ASSIGNMENT: In full and without alteration, transcribe the listing.

INFORMATION PROVIDED:
::::
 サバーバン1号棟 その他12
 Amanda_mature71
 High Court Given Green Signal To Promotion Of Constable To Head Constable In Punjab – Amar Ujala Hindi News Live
::::
FINISHED TASK:
 サバーバン1号棟 その他12
 Amanda_mature71
 High Court Given Green Signal To Promotion Of Constable To Head Constable In Punjab – Amar Ujala Hindi News Live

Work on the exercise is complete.